Magnetrons for known domestic ovens are provided with an L-C filter to prevent, as far as is possible, stray radiation generated by the magnetron from passing along the leads which supply power to the cathode heater. Such a filter, which is located at least partially within a screen chamber housing the magnetron terminals, is known from U.S. Pat. No. 4,900,985.
A typical domestic cooker magnetron has a peak power of a few kilowatts, and an average power of around 1 kW and requires a heater current of around 10 A. However, for industrial RF processing applications, peak powers of several tens of kilowatts are needed, and a correspondingly larger heater supply is needed with typical currents of the order of 100 amps, so that much higher gauge conductors are needed compared with domestic cooker magnetrons. In particular, it would not be practical or economic to wind such high gauge conductors into a choke coil used for a domestic cooker magnetron.
A basic problem to be addressed is therefore that in a microwave source for industrial applications a magnetron requires a high voltage supply to be applied to the cathode, perhaps as much as −20 kV, together with a heater supply of typically 11 V at 110 A, derived from an isolation transformer (and rectifier if a DC heater is used) connected across heater and cathode terminals of the magnetron. These terminals can be the source of considerable stray radiation in the frequency range 100 MHz to >1 GHz, as illustrated in a first inset 20 in FIG. 1, for a magnetron designed to produce an output at around 900 MHz.
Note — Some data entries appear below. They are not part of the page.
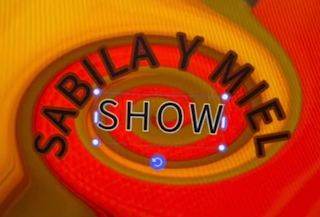 SABILA Y MIEL SHOW logo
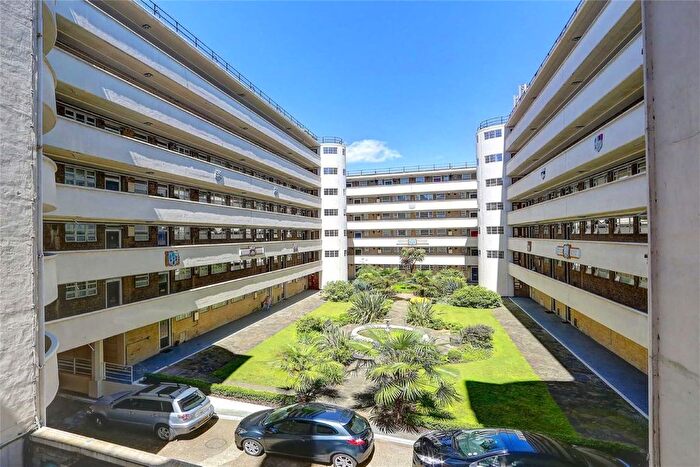 1 Bedroom Flat To Rent In Sheen Road, Richmond, TW9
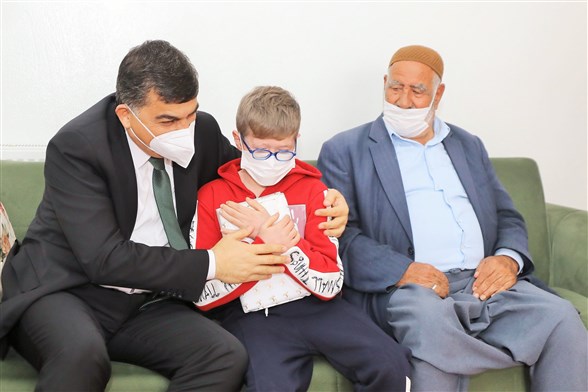 Fadıloğlu'ndan Lösemi Hastası Küçük Ramazan'a Tablet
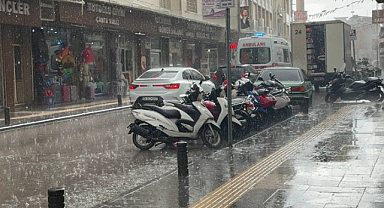 Kilis'te ani bastıran sağanak yağış hazırlıksız yakaladı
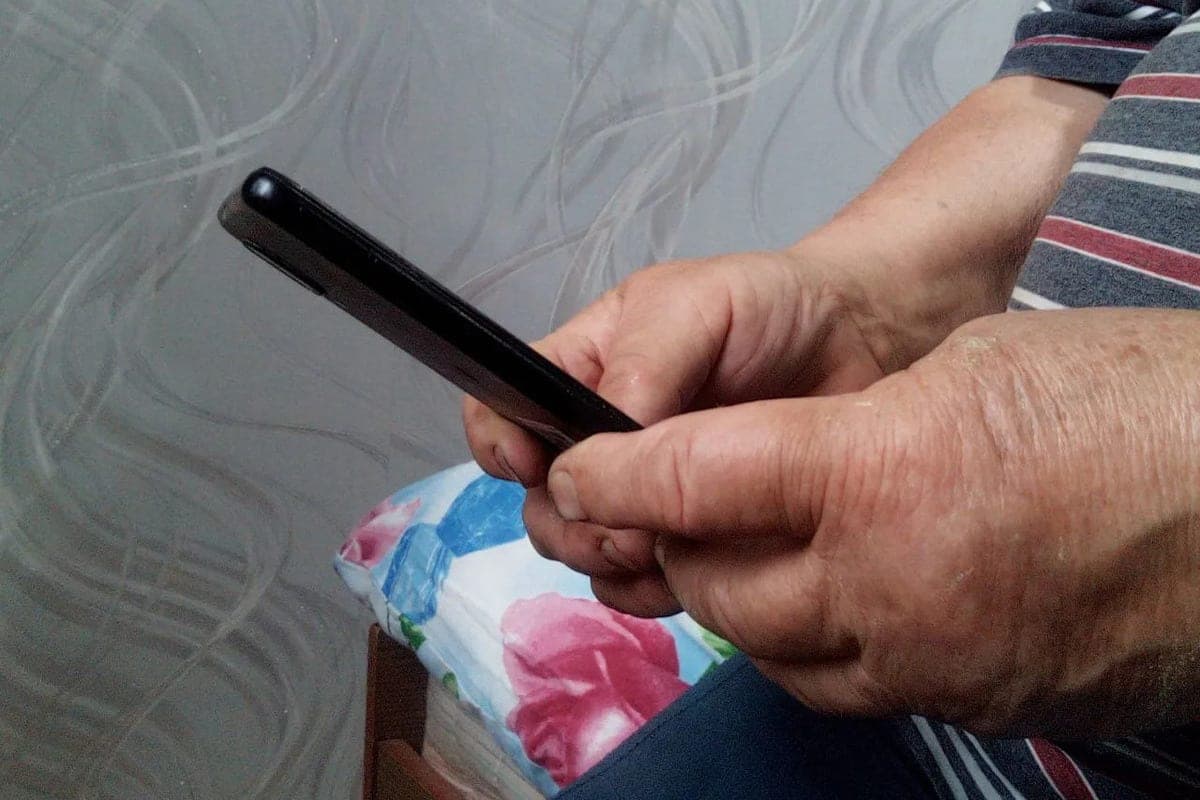 В Калининграде 59-летний пассажир маршрутки присвоил себе телефон за 100 тысяч рублей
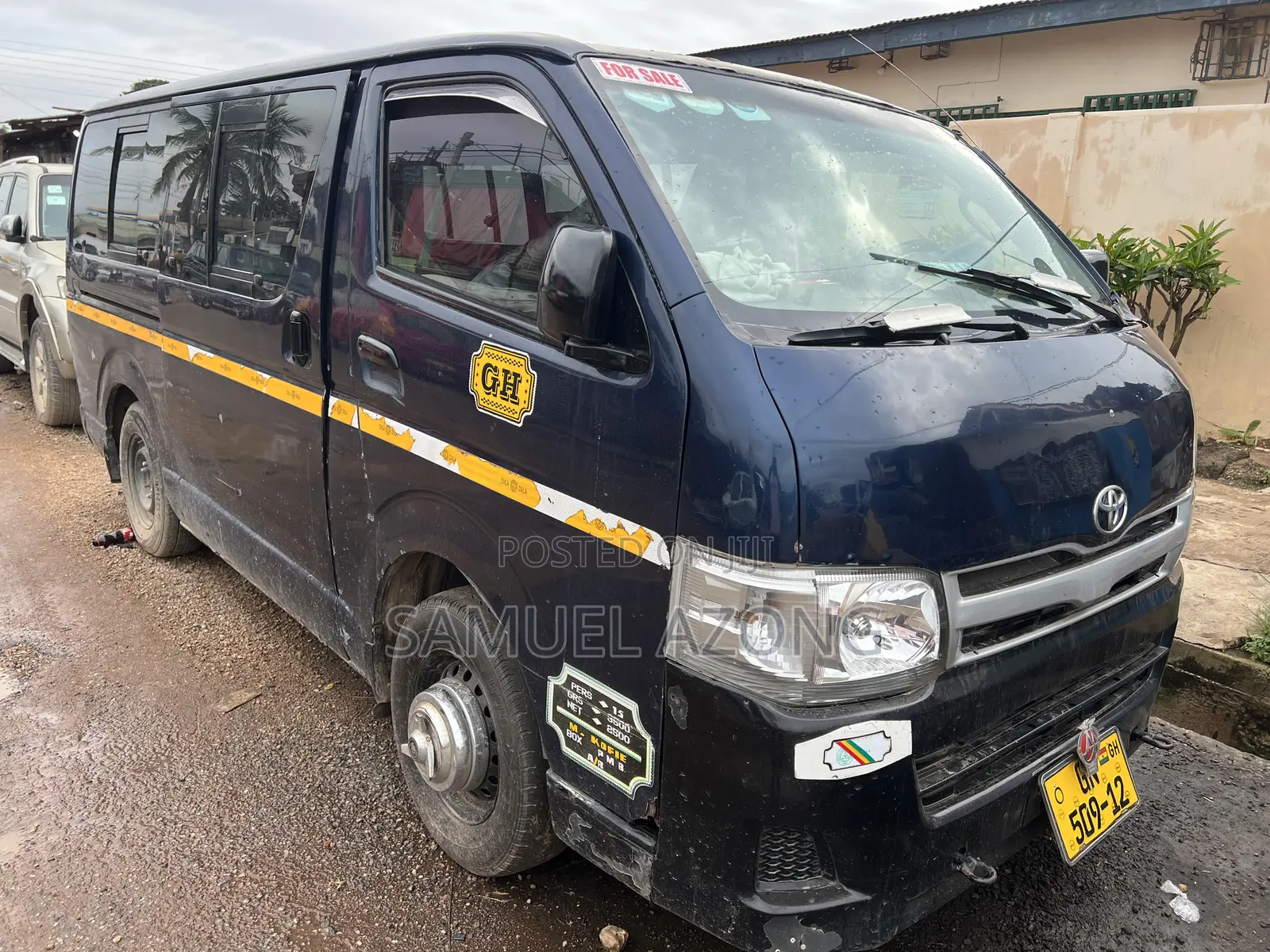 Toyota HiAce 2012 Blue
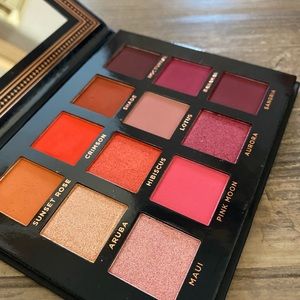 Ace Beaute Scarlet dusk palette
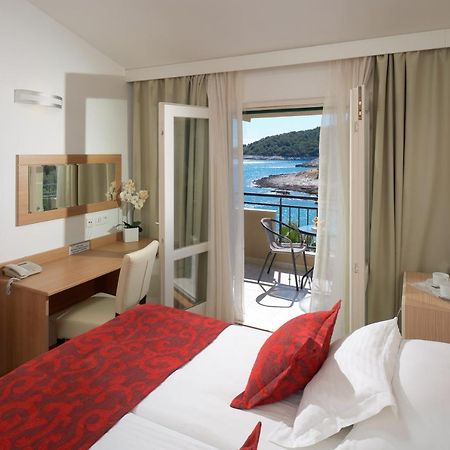 מילנה Hotel Fortuna מראה חיצוני תמונה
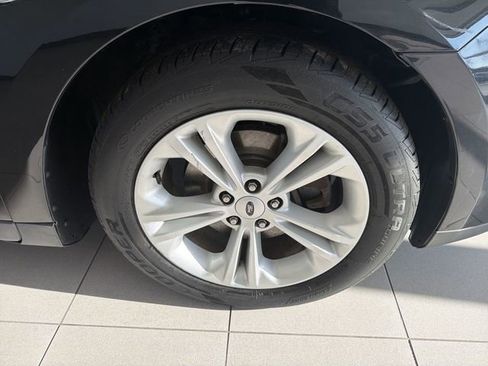 Used 2015 Ford Taurus SE FWD image 14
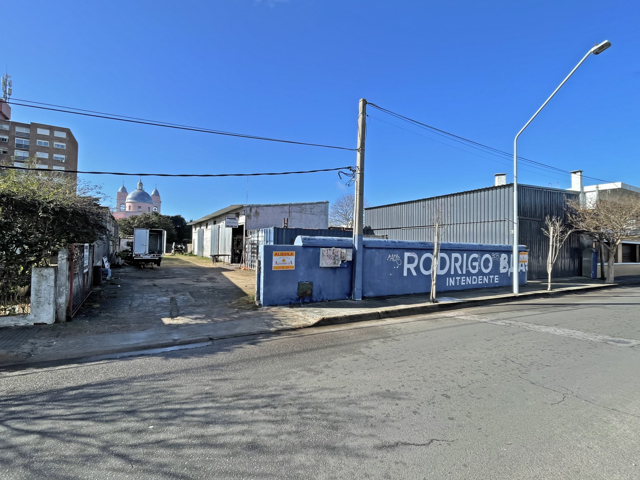 Terreno a dos cuadras de la plaza San Fernando de Maldonado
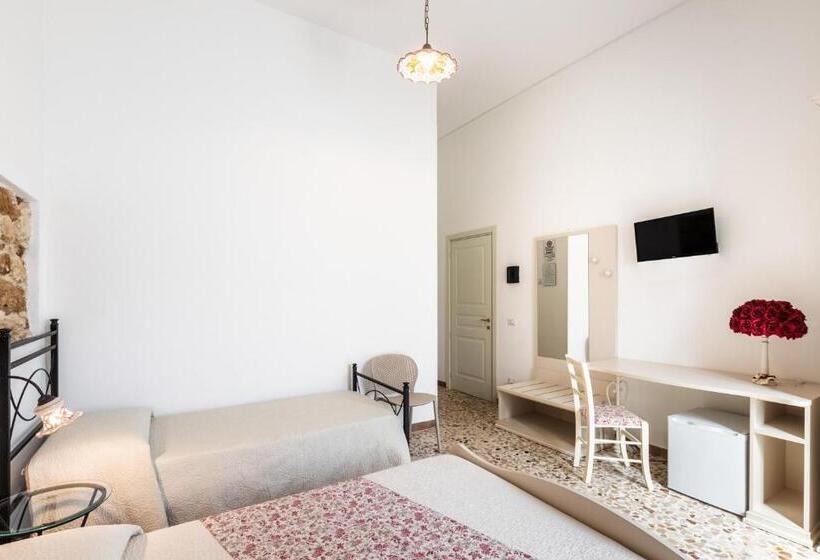 标准三人间, Morfeo Charming Rooms & Relax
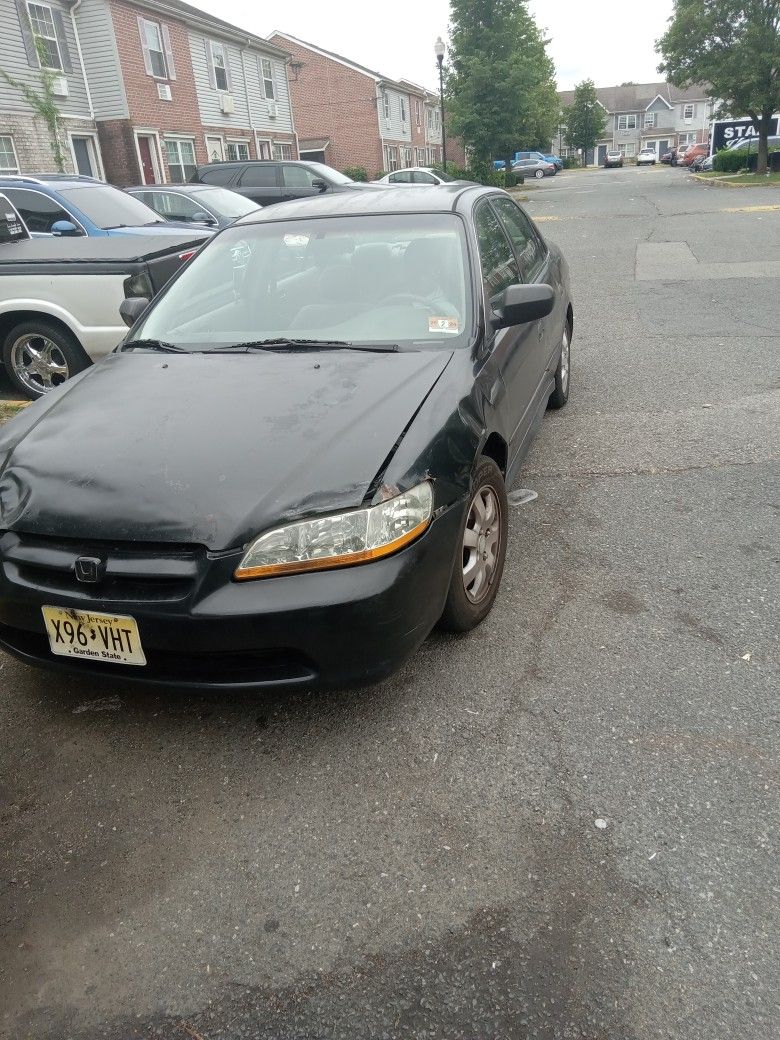 2001 Honda Accord Runs Great. OBO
This stray radiation can be picked up and/or conducted in lead wires from the magnetron to the isolation transformer and lead wires from the isolation transformer to an external heater supply inverter. The isolation transformer, which is designed to hold off 20 kV, provides no significant barrier to currents induced by the stray radiation.
Because of the high levels of stray radiation, it is usually necessary fully to shield the magnetron and the isolation transformer in a metallic or other electrically conductive screened chamber. If a filter is fitted, its effectiveness may be limited by radiation picked up on its output. Such a filter may provide no attenuation to the stray radiation because the filter itself acts as an antenna and picks up the stray radiation on its output even although the filter may have significant attenuation over the desired frequency band.
In many applications the drive current from the heater supply inverter is modulated as a high frequency (Fi) square wave, as illustrated in a second insert 21 in FIG. 1. Any filter used must be able to pass, without any significant distortion and loss, the heater supply inverter waveform into the screened chamber but significantly attenuate and minimise stray radiation to the outside of the screened chamber.
It is an objective of the current invention at least to ameliorate some of these difficulties in the prior art.